2. Regulation? I'm sceptical that the cat can be put back into the bag. It's already out there. More realistic problem is the business model part - openweight/local provides a counterpoint to that.

cultofmetatron•

64 days ago

I'm in a similar situation

1. Even really novel projects have large chunks of glue code and boring infrastructure that the novel bits depend on. claude means I spend 10% of my time on the borng stuff and 90% of time on stuff I previously onky had 10% of my day to work on. In my experience the software picked up our idioms fast and for context, we have a skill file explaining code standards.

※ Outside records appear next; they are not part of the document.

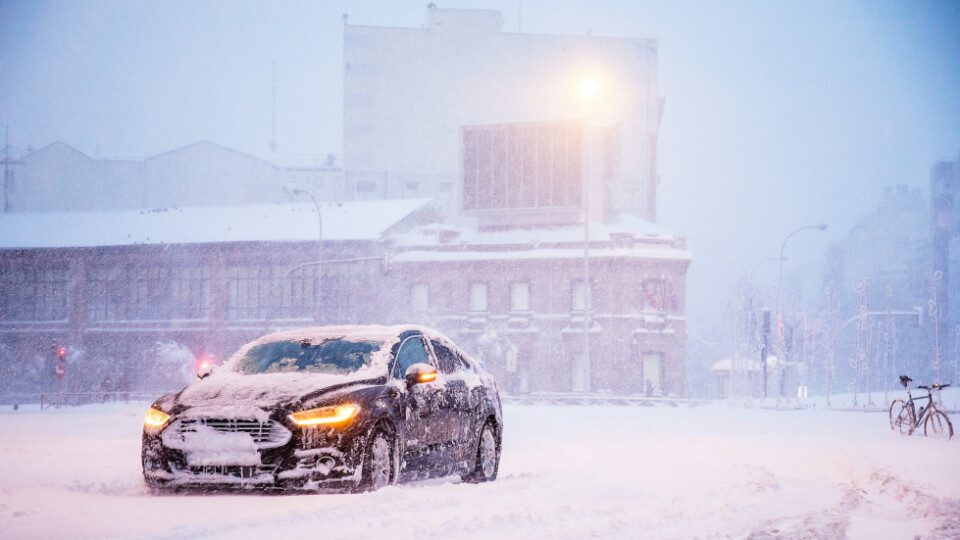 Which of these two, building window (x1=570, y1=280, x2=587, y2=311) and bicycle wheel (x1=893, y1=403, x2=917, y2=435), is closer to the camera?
bicycle wheel (x1=893, y1=403, x2=917, y2=435)

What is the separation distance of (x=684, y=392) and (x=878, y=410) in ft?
69.6

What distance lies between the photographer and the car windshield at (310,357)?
9383 mm

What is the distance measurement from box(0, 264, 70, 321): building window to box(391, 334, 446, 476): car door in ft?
213

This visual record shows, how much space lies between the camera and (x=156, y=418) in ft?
28.5

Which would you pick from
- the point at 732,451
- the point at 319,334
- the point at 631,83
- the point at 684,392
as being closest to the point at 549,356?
the point at 684,392

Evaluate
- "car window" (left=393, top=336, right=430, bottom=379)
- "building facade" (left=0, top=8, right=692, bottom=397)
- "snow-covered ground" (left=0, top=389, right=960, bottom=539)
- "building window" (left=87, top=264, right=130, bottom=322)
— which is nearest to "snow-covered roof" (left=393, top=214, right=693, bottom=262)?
"building facade" (left=0, top=8, right=692, bottom=397)

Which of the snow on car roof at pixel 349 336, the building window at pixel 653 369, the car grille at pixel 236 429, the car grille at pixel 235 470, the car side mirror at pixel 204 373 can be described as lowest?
the building window at pixel 653 369

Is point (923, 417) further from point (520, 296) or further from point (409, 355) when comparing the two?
point (520, 296)

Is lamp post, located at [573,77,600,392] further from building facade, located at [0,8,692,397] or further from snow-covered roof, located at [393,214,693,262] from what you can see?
snow-covered roof, located at [393,214,693,262]

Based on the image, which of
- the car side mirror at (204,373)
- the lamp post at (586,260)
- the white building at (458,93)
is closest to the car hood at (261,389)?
the car side mirror at (204,373)

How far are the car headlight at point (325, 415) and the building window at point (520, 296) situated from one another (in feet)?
190

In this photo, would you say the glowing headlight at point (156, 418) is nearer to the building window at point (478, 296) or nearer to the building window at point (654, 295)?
the building window at point (654, 295)

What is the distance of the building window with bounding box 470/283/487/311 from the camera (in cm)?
6712

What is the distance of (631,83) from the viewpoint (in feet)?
292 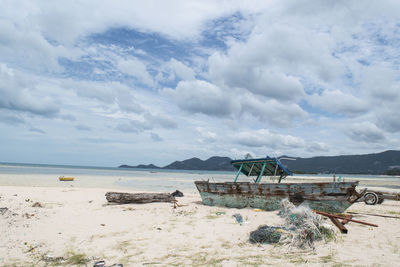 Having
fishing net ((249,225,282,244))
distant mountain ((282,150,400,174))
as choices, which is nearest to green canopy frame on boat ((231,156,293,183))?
fishing net ((249,225,282,244))

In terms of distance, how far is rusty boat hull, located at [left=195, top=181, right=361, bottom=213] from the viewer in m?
11.3

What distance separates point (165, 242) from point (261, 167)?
8602 millimetres

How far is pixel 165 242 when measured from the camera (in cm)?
796

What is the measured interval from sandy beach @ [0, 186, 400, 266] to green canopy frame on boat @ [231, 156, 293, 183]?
293cm

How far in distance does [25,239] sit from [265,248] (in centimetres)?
703

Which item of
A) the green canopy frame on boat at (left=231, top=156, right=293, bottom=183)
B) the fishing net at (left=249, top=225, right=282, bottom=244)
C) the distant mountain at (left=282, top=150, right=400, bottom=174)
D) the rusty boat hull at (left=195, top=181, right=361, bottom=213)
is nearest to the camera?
the fishing net at (left=249, top=225, right=282, bottom=244)

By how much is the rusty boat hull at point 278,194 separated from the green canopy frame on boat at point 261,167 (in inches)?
44.8

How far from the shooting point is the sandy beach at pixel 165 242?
6411 mm

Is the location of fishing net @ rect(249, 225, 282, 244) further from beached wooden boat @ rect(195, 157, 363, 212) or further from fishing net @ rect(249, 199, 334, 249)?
beached wooden boat @ rect(195, 157, 363, 212)

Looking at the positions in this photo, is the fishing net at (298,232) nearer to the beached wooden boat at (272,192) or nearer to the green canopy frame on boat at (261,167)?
the beached wooden boat at (272,192)

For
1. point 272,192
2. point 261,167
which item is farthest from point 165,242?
point 261,167

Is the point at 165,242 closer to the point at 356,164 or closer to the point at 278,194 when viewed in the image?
the point at 278,194

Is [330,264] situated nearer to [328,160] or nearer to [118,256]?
[118,256]

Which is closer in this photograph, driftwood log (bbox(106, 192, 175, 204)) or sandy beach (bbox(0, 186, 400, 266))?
sandy beach (bbox(0, 186, 400, 266)) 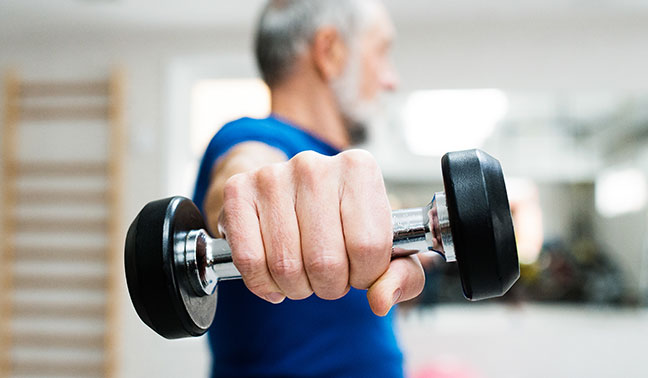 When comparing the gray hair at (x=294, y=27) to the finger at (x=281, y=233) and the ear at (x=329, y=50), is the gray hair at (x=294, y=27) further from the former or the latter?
the finger at (x=281, y=233)

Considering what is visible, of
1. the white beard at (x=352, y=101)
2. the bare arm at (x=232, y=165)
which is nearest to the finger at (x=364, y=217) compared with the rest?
the bare arm at (x=232, y=165)

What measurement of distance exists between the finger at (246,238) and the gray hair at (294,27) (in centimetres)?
82

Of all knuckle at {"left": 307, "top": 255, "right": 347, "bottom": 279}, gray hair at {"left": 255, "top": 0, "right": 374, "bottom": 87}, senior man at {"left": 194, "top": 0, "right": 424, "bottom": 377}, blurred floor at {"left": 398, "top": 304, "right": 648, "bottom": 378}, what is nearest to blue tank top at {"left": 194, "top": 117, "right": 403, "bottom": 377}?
senior man at {"left": 194, "top": 0, "right": 424, "bottom": 377}

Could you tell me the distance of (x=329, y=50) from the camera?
1.21 m

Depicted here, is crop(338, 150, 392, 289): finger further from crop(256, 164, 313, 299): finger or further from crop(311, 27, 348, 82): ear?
crop(311, 27, 348, 82): ear

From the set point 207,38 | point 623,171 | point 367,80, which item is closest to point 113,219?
point 207,38

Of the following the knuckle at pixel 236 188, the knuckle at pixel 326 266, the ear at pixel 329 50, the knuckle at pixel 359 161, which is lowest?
the knuckle at pixel 326 266

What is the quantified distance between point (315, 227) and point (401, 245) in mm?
69

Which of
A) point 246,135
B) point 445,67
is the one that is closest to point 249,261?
point 246,135

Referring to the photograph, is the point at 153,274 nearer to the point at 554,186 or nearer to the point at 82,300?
the point at 82,300

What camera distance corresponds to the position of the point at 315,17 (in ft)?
3.97

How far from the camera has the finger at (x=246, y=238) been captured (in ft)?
Result: 1.22

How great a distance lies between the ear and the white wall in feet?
7.68

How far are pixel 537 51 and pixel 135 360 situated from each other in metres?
3.13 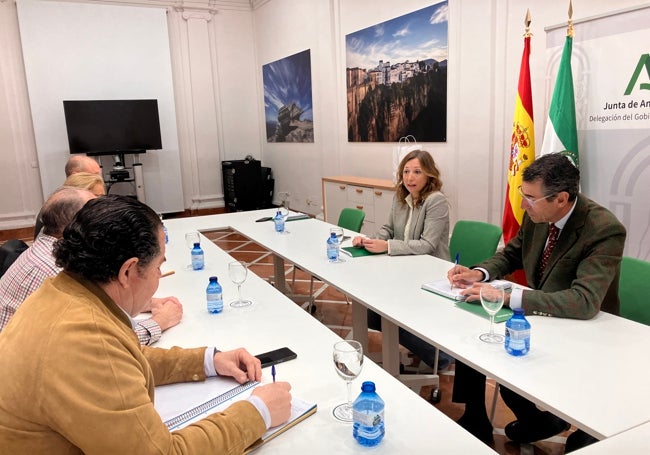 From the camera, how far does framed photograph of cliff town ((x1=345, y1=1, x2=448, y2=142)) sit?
5367 mm

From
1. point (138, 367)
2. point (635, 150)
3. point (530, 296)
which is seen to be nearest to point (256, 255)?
point (635, 150)

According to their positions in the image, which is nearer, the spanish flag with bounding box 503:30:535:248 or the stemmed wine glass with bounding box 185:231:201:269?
the stemmed wine glass with bounding box 185:231:201:269

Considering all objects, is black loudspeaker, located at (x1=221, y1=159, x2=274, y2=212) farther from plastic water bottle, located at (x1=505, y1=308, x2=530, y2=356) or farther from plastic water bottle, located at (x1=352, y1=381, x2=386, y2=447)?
plastic water bottle, located at (x1=352, y1=381, x2=386, y2=447)

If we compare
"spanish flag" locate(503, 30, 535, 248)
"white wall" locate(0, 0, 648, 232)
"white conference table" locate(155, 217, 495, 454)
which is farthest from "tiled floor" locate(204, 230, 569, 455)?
"white wall" locate(0, 0, 648, 232)

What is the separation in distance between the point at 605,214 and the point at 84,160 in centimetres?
413

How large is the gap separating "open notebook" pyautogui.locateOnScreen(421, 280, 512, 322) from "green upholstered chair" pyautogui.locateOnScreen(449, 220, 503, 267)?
29.8 inches

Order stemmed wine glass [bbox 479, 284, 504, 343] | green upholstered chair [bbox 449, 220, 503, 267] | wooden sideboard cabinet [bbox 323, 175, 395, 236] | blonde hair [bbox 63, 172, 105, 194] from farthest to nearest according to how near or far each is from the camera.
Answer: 1. wooden sideboard cabinet [bbox 323, 175, 395, 236]
2. blonde hair [bbox 63, 172, 105, 194]
3. green upholstered chair [bbox 449, 220, 503, 267]
4. stemmed wine glass [bbox 479, 284, 504, 343]

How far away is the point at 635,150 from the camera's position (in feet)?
11.0

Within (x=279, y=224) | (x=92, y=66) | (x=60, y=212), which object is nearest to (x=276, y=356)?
(x=60, y=212)

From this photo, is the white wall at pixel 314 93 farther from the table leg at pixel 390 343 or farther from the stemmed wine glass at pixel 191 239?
the stemmed wine glass at pixel 191 239

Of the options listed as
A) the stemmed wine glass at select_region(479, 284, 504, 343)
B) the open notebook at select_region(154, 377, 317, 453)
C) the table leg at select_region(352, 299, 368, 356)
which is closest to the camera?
the open notebook at select_region(154, 377, 317, 453)

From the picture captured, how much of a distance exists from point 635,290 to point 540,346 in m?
0.70

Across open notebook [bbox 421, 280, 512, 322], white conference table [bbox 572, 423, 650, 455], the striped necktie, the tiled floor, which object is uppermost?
the striped necktie

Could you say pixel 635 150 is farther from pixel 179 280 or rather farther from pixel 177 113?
pixel 177 113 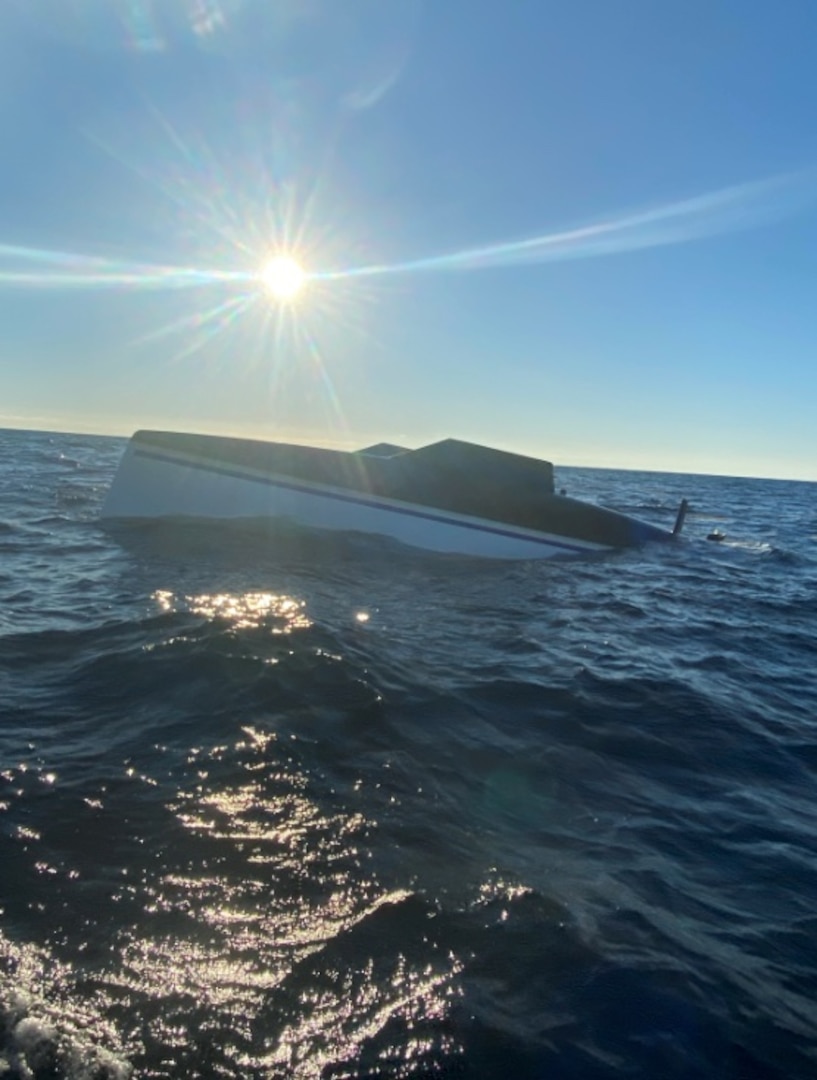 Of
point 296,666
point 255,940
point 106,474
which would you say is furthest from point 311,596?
point 106,474

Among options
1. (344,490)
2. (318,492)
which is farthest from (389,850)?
(318,492)

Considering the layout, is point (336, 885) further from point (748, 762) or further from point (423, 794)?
point (748, 762)

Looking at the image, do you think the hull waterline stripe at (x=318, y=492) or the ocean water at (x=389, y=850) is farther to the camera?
the hull waterline stripe at (x=318, y=492)

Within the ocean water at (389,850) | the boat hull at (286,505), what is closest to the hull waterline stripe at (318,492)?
the boat hull at (286,505)

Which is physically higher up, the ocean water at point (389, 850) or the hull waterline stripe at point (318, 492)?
the hull waterline stripe at point (318, 492)

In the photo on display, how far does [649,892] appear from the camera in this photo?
470 centimetres

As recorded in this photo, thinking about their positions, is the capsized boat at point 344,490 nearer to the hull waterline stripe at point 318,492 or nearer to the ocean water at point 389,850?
the hull waterline stripe at point 318,492

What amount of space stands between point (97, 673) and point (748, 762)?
665cm

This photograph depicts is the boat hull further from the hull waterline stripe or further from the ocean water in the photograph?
the ocean water

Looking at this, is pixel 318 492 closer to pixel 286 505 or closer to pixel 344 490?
pixel 344 490

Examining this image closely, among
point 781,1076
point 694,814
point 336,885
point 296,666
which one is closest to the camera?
point 781,1076

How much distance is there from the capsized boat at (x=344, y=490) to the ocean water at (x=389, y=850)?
23.7 ft

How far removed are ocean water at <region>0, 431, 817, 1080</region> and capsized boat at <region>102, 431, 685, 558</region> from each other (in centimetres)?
723

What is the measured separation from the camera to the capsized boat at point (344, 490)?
697 inches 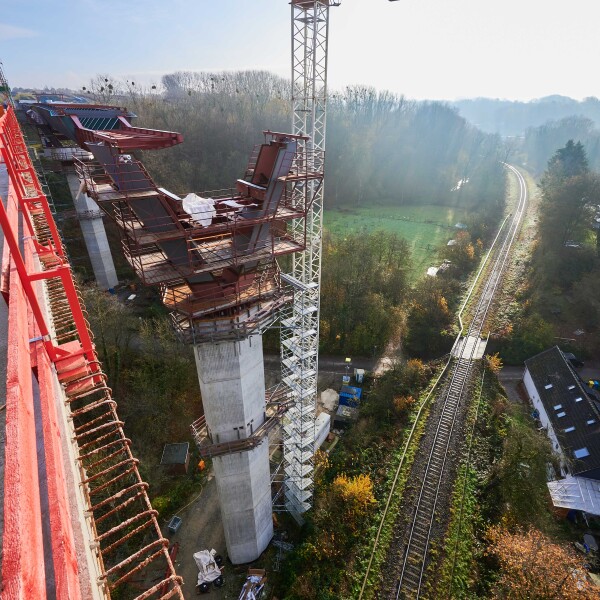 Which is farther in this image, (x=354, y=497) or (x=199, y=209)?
(x=354, y=497)

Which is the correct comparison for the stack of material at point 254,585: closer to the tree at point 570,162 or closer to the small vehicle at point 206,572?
the small vehicle at point 206,572

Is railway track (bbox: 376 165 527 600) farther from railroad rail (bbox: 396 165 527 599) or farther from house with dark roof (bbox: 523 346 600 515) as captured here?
house with dark roof (bbox: 523 346 600 515)

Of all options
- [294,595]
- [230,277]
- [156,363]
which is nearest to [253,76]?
[156,363]

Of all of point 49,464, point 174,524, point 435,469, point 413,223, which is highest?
point 49,464

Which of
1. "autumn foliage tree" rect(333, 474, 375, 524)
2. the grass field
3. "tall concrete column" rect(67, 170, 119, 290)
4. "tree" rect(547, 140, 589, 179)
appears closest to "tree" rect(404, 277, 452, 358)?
the grass field

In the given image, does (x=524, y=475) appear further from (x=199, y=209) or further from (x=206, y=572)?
(x=199, y=209)

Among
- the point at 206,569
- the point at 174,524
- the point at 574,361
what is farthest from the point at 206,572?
the point at 574,361

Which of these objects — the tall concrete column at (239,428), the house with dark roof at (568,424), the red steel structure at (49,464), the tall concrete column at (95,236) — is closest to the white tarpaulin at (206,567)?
the tall concrete column at (239,428) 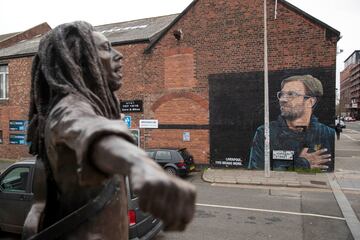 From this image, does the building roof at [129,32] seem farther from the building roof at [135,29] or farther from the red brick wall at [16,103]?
the red brick wall at [16,103]

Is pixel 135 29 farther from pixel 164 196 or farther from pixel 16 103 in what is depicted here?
pixel 164 196

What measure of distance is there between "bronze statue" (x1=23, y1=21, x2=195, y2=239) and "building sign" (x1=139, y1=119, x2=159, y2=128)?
16383mm

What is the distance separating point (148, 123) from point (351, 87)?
10629 cm

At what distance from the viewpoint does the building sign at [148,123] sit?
18531mm

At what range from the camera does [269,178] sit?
48.5ft

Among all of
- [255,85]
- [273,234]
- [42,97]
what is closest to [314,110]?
[255,85]

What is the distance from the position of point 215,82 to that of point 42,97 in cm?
1585

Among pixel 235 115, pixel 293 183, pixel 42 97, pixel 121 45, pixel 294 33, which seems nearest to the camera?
pixel 42 97

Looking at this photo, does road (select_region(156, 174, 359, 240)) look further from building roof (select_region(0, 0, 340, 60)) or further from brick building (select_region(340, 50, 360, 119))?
brick building (select_region(340, 50, 360, 119))

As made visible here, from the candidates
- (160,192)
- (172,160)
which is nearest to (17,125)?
(172,160)

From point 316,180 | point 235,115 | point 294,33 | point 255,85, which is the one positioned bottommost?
point 316,180

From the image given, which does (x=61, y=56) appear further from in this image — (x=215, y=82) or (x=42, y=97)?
(x=215, y=82)

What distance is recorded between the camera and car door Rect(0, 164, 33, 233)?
22.1ft

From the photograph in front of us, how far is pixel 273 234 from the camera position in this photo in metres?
7.82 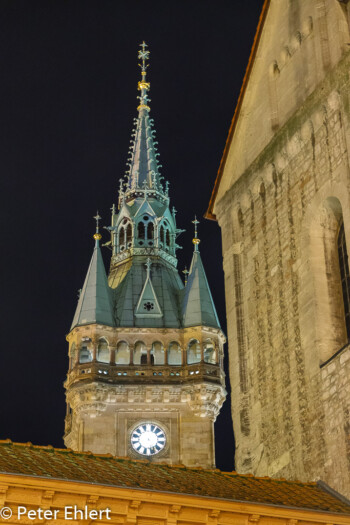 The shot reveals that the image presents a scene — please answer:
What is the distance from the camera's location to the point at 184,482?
67.2 ft

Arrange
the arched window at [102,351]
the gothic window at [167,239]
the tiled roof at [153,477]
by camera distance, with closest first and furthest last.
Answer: the tiled roof at [153,477] < the arched window at [102,351] < the gothic window at [167,239]

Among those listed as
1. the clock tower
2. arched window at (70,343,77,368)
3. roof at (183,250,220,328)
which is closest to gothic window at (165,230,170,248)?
the clock tower

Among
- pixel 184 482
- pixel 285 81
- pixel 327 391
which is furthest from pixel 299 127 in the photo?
pixel 184 482

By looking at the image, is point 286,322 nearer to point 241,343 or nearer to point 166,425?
point 241,343

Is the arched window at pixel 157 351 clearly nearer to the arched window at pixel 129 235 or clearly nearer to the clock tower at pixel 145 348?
the clock tower at pixel 145 348

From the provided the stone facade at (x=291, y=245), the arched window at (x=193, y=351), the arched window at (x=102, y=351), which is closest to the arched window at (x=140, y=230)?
the arched window at (x=193, y=351)

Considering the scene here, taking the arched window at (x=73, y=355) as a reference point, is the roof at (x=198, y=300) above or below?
above

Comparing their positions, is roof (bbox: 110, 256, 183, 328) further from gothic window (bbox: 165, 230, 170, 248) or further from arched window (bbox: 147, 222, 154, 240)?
arched window (bbox: 147, 222, 154, 240)

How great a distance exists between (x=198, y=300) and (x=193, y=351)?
3706 millimetres

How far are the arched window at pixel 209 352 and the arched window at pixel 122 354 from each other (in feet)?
16.7

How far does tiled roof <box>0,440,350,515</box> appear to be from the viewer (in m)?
19.1

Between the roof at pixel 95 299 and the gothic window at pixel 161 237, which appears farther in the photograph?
the gothic window at pixel 161 237

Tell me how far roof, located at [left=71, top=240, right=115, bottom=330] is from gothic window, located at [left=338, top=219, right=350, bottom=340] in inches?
2111

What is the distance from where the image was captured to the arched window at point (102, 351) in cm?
7850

2. codex and gemini are comparable when paired with a good harness (pi.dev). if things ever get really bad, I'll drop 8k on a dedicated agent coding server and run it locally. I tried it recently with my current system and it was sub par but I was running a drasticly simpler model.

max_streese•

64 days ago

To people stating these high commit numbers: What is your average changeset size? I have found that having agent do large changes (few hundred lines or more) results in a lot of friction for me and it feels like at some point I leave a happy path where instead of moving quickly I get dragged down.

leonidasv•

65 days ago

The article has a benchmark and Opus has best score in two categories and the second-best in another (there are only three categories). Opus is probably the best choice when it comes to producing readable code right now. GPT (for example) lags way behind.

baq•

64 days ago

Anecdotally it’s the exact opposite for me: gpt 5.4 is leagues ahead of opus for the kind of backend work I do. Opus keeps making stupid mistakes while overengineering the irrelevant parts. However when I have to work on the backoffice ui, I still pick opus.

keybored•

64 days ago

The silent majority of GenAI praise reaches the top of the thread again.

Edit: The lurkers and the commenters must be a pretty different set of people I suppose.

Powdering7082•

65 days ago

Is your claude.md, skills or other settings that you have honed public?